O dinheiro que sustenta a família é proveniente do BPC-Loas (Benefício de Prestação Continuada da Assistência Social), mas as dívidas com contas atrasadas – incluindo luz, condomínio, prestações do apartamento e empréstimo de R$ 900 para comprar uma das camas que dá um pouco de conforto aos habitantes deste lar – quase faz desaparecer tudo o que eles conseguem por mês.

Mas os Cunha não querem mais essa vida. Todos os esforços e sonhos agora estão concentrados em pegar a estrada de volta, rumo ao carinho dos familiares de Jaboatão dos Guararapes, em Pernambuco. Faz seis anos que o progenitor, Gilson Lins Cunha, 43 anos – que carrega no olhar o reflexo das dificuldades pelas quais passa todos os dias – decidiu sair da cidade natal com a mulher e os sete filhos para procurar emprego.

Moraram por um tempo no Areião, mas o sonho dele comprar uma van e trabalhar como motorista desmoronou como castelo na praia. Sem registro na carteira de trabalho e nenhum ‘bico’ há quatro meses, a família vive com o que pode. “Já faltou comida, mas fome não passamos, porque vou atrás e converso com pessoas que ajudam doando roupas e cesta básica”, conta o pedreiro, que cursou só até o primeiro ano do Ensino Fundamental. “Adoraria voltar a estudar.”

O desejo de novamente entrar em uma sala de aula é compartilhado com a filha Raiane Soares Lins, 15. Desde que ganhou Yara, de um ano e oito meses, com Síndrome de Down, abandonou a escola na 6ª série (7º ano do Ensino Fundamental). “Lá (no Nordeste) é bem melhor do que estar aqui. Pretendo não só voltar a estudar, como me tornar uma parteira.” Os pais juram que tentaram de tudo para continuar a criar os filhos na cidade grande, mas não conseguiram. “Vim com essa esperança, mas quero voltar. Só não fui a pé porque é muito longe”, desabafa o pai.

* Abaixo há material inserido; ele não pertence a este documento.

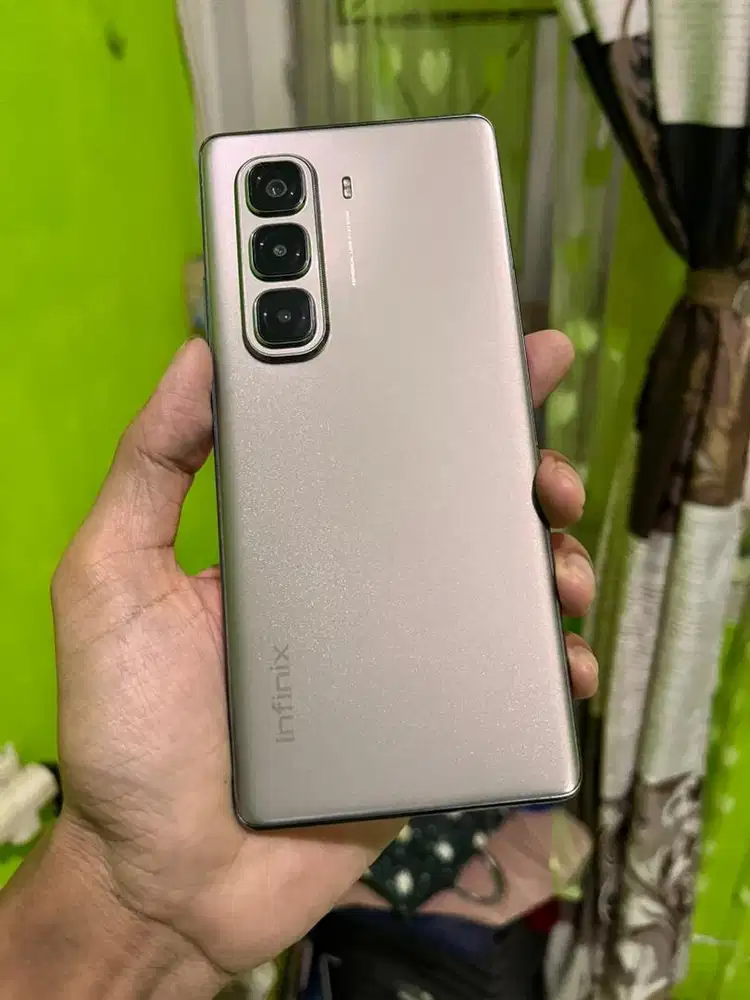 infinik Hote 50 pro plus layar lengkung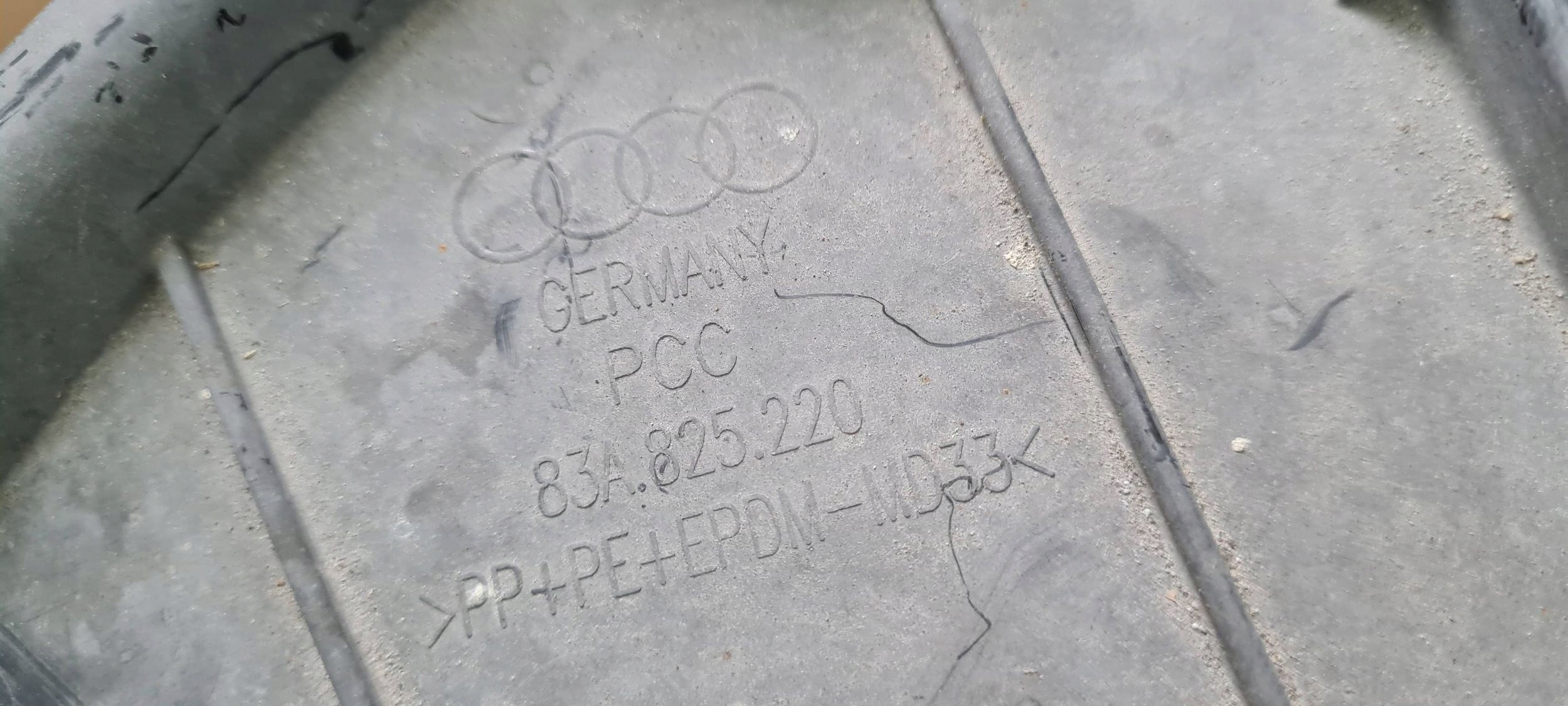Q3 83A cover chassis right right rear part 83A825220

E bota distância nisso. São 2.713 quilômetros – ou 36 horas de carro e três de avião – até a Rua General Carlos Pinto, 112, no bairro Socorro, Jaboatão, residência da mãe do seu Cunha. “Assim que conseguir a passagem e comida para dois dias e meio na estrada, nós vamos”, conta o pedreiro, que calculou o valor de R$ 6.000 para custear o trajeto. “Meu sonho é que eles (os filhos) voltem, porque moravam à beira da praia e aqui não tive sequer a oportunidade de levá-los para ver o mar. Não quero nada além de ir embora”, desabafa.

POR CONTA PRÓPRIA
Em 2010, um ano antes de a família Cunha chegar a São Bernardo, a cidade tinha 400 mil migrantes entre os cerca de 765 mil moradores. Porém, o município ainda não possui para a volta de pessoas ao estado de origem. Conta, por outro lado, com o recâmbio, que beneficia eventualmente o retorno de moradores de rua. A iniciativa ajudou 55 pessoas em 2016 e, até o momento, 45 em 2017. Atualmente, 310 pessoas vivem em situação de rua no município.

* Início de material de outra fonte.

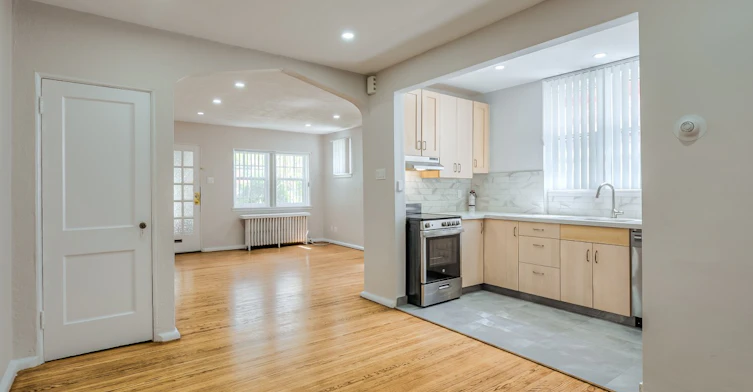 L2-16 Acacia Lower Road, Toronto, ON, M4S 2K4 - 7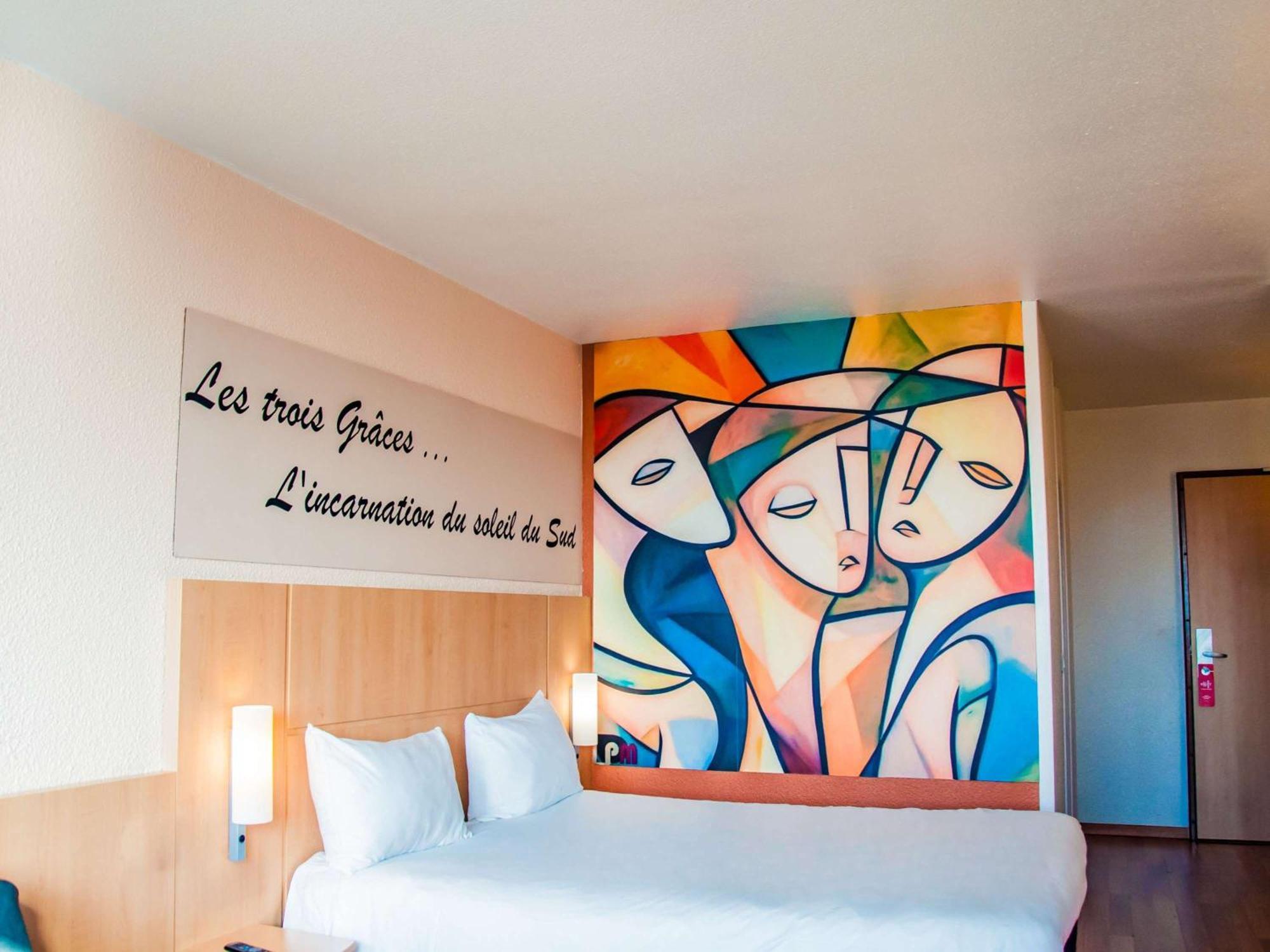 Ibis Centre Comedie Hotel 3*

A gestão atual destaca também o Programa Emprego Cidadão, que coloca pessoas em vulnerabilidade social no mercado de trabalho. Desde 1º de maio foram empregadas 20 com acompanhamento do Centro de Referência Especializado para Pessoa em Situação de Rua/Centro POP. Em agosto, mais 20 foram encaminhadas ao mercado de trabalho.

Já na cidade vizinha, Santo André, a Prefeitura afirmou que recebe pessoas de vários Estados e de situações sociais distintas, mas que são acompanhadas apenas as que estão em situação de vulnerabilidade social. Serviços são realizados pelo Cras (Centro de Referência em Assistência Social) ou pelo Centro POP, quando o sujeito encontra-se em situação de rua.

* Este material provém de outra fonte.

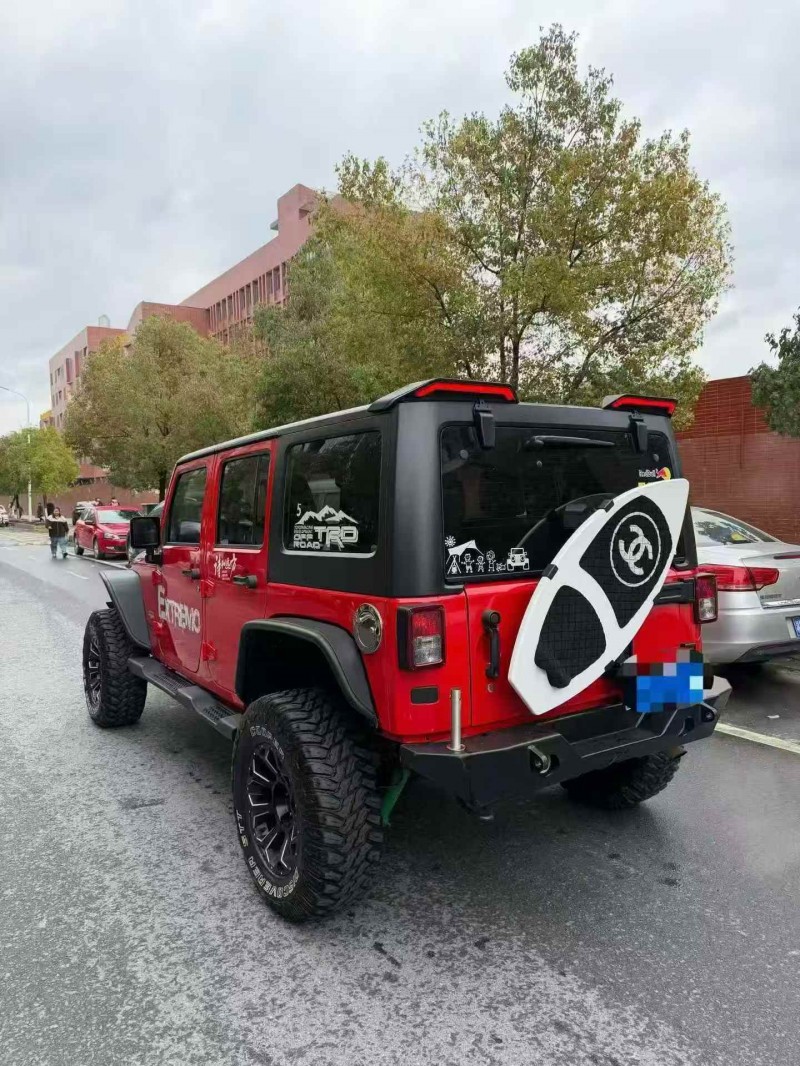 张家界15年Jeep牧马人8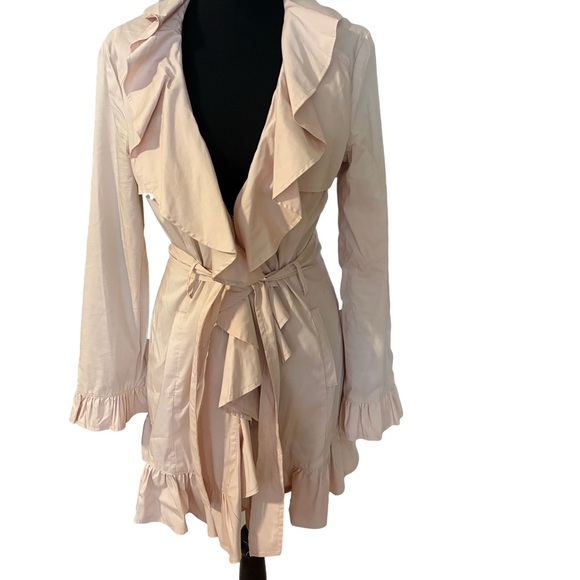 Vintage BEBE size XS ruffled nude/light pink lined jacket w/ front hook closures - Picture 1 of 14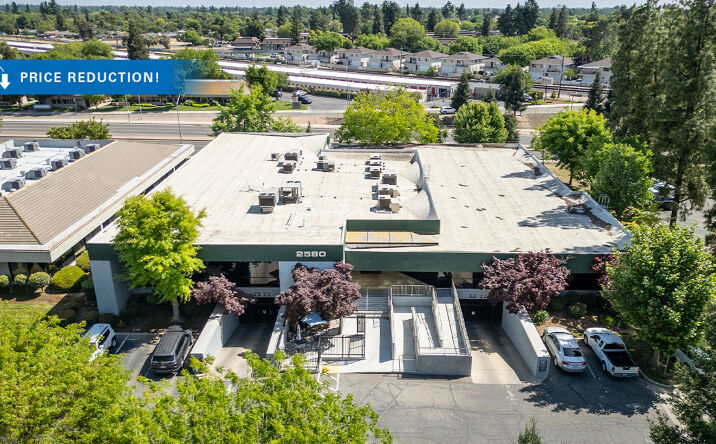 Pictures of Office property located at 2580 W Shaw Ln, Fresno, CA 93711 for sales - image #1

Quem deseja voltar ao estado de origem, tem acompanhamento feito pelos profissionais. “A equipe realiza estudo da situação para compreender a real necessidade do recâmbio ou mesmo se a situação se enquadra nos critérios da assistência social para receber algum auxílio – que pode ser disponibilizado nos casos mais extremos, porém as solicitações são avaliadas individualmente”, diz a administração que não soube mensurar o fluxo de pessoas de outros Estados.

O Consórcio Intermunicipal do Grande ABC, por sua vez, afirmou que atua em caráter de planejamento e de criação de políticas públicas regionais para temas como a inclusão social, igualdade racial, gênero e migração. No entanto, a entidade afirmou que a assistência à população é feita pelos municípios.